Meet the author of ‘Wherever There is Light’
Published 12:00 am Sunday, October 16, 2016
Peter Golden, author of “Wherever There is Light,” will be at South Main Book Co. on Wednesday, Oct. 19, from 4-5:30 p.m.
Do not confuse this novel, with its cover depicting the Arc de Triomphe, with “All the Light You Cannot See.”
While both take place, at least partially, during World War II and in France, this is a very different story.
Golden, author of “Comeback Love,” writes of Julian Rose, who escapes from Germany in the 1920s, and Kendall Wakefield, an African-American college senior whose mother, the daughter of a slave, is founder of a college in South Florida.
Julian, who gets rich by bootlegging, becomes even richer when he begins investing in real estate. When he earns enough money, he brings his parents to America from Germany.
It is a fact that African-American colleges rescued hundreds of Jewish professors and their families from the Nazis, so Golden uses that to move Julian’s father into a position at the college Kendall’s mother runs.
When Julian and Kendall meet, so begins a 30-year affair that will take the two from the racism of Miami to the jazz clubs of Greenwich Village to postwar Paris.
In Paris, the two meet greats such as John Paul Sartré and Pablo Picasso, along with other artists and intellectuals.

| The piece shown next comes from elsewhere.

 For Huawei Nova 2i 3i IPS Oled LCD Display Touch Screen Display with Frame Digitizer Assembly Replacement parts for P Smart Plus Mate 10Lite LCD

Julian, once a skilled dodger of the law, serves in American intelligence and ends up as an interrogator at the Nuremberg trials. Julian wants to marry, but Kendall wants to be free to continue her career as a photographer. She turns out to be one of the first journalists to photograph concentration camp survivors — in the novel.
Reviewers praise the concept of the book, but be warned that it contains a number of explicit sex scenes.
Golden is lauded for his ability to weave historical fact into this broad-reaching novel. It’s a love story and a lesson in history as Kendall and Julian move from the Depression to the mid-1960s, from World War II to the Cold War.
Golden has been a journalist, a biographer, historian and a fiction writer. His next novel will be about the Holocaust and the Cold War.